L’EFF a ainsi supposé que les utilisateurs du monde entier disposaient de diverses combinaisons de ces éléments, et pouvaient donc authentifiés de manière unique sur un site. Chaque système s’avère identifiable par son empreinte numérique. Après avoir recueilli les données de configuration et de version de nombreux utilisateurs, l’EFF les a comparées et a constate que les entreprises privées pouvaient effectivement identifier et suivre secrètement les visiteurs de leur site. Ces informations ont étayé les arguments juridiques dans cette affaire.

Le développement par les experts de l’EFF de HTTPS Everywhere, une extension de navigateur qui chiffre automatiquement les pages visitées par un internaute, découle d’une histoire similaire. Les discussions menées avec Google sur le chiffrement par défaut pendant le procès ont suscité l’élaboration d’une solution technique. Dans les deux cas, la conception des outils a été inspirée par des conversations entre des avocates et les équipes de Google sur un problème technique que les experts ont résolu par le développement d’une nouvelle solution technologique.            

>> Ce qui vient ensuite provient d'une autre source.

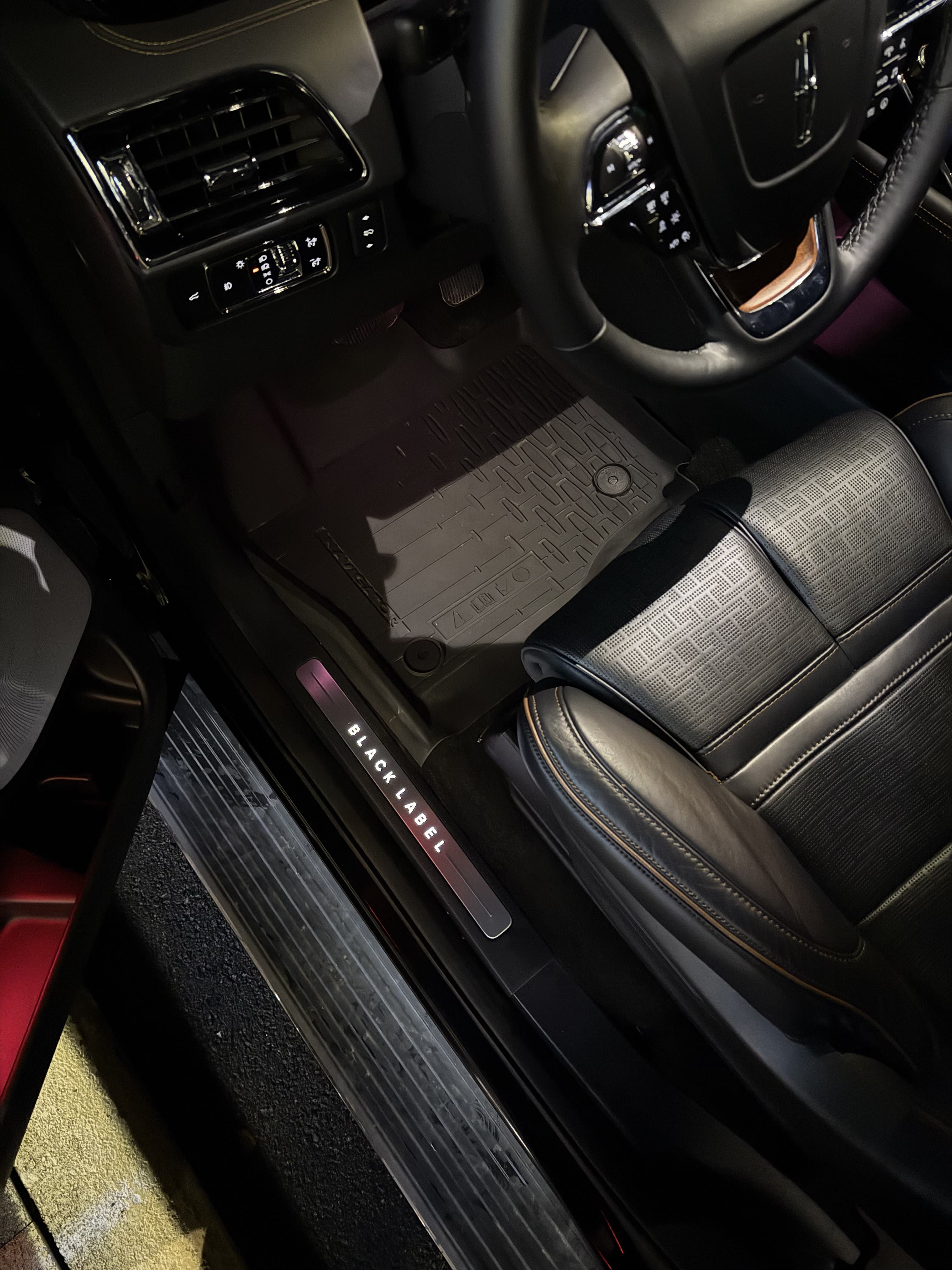 Lincoln Navigator - Thumbnail 13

Au-delà des questions techniques, l’EFF a également fait appel à son vaste réseau pour localiser les parties directement concernées, notamment des auteurs et des éditeurs célèbres. L’équipe a reçu de nombreuses déclarations d’auteurs célèbres qui défendaient le respect de la vie privée, ce qui a renforcé l’appui du public.

Leçons tirées

L’Electronic Frontier Foundation est unique à bien des égards. Fondée avec notamment pour mission de défendre les libertés numériques en justice, elle est l’une des premières organisations à engager un expert en technologie en interne pour travailler directement avec les avocats sur des dossiers techniques. Même si les avocats de l’EFF connaissent pour la plupart mieux les technologies que leurs confrères, ils consultent encore souvent les expertes de l’organisation. Selon Cindy Cohn, le monde se complexifie à mesure que les progrès technologiques s’accélèrent. Il est donc fondamental de disposer d’experts qui se consacrent à fournir des explications aux avocates.

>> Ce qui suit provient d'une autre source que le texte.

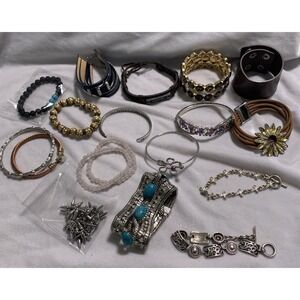 Bracelets  Vintage Modern Huge Lot Wearable RESELL Colorful Beaded Boho Jewelry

En matière de communication, les avocats et les experts techniques de l’EFF constatent qu’un vocabulaire commun et une relation de confiance s’avèrent essentiels pour répondre plus rapidement et prévenir les malentendus. Avec le temps, les experts techniques ont trouvé comment proposer des explications plus pertinentes aux avocats qui les sollicitent. Alors que Seth Schoen avait l’habitude d’expliquer une technologie en détail une avocate le contactait, il évalue désormais le niveau d’expertise technique de son interlocuteur et cherche à résoudre la question pratique présentée au moyen d’analogies.

À l’inverse, lorsqu’un mentionne le stade d’une procédure dans un procès, Seth Schoen dispose désormais d’une expertise suffisante pour fournir des conseils plus spécifiques. Enfin, lorsqu’un expert technique de l’organisation n’est pas en mesure de répondre à toutes les questions, l’EFF constate que ses experts peuvent souvent recommander aux avocats un spécialiste externe compétent.

Les synergies ne sont pas réservées aux expertes et aux avocats. Seth Schoen raconte également que des militants de l’EFF qui mènent des campagnes pour réclamer certaines technologies ou s’y opposer le contactent souvent pour une aide à la rédaction et à la révision de la description des enjeux d’une campagne. S’assurer du bon usage de la terminologie technique dans la communication et les publications de l’organisation a renforcé sa crédibilité.

Pour la plupart des organisations, embaucher un expert technique représente un luxe. Et pour les institutions qui ne se concentrent pas uniquement sur les questions numériques, le besoin d’un tel expert à plein temps peut varier. Pour les organisations qui choisissent d’intégrer des experts à leur équipe, les synergies offertes par ces derniers ouvrent la voie à une coopération renforcée pour des projets interdisciplinaires.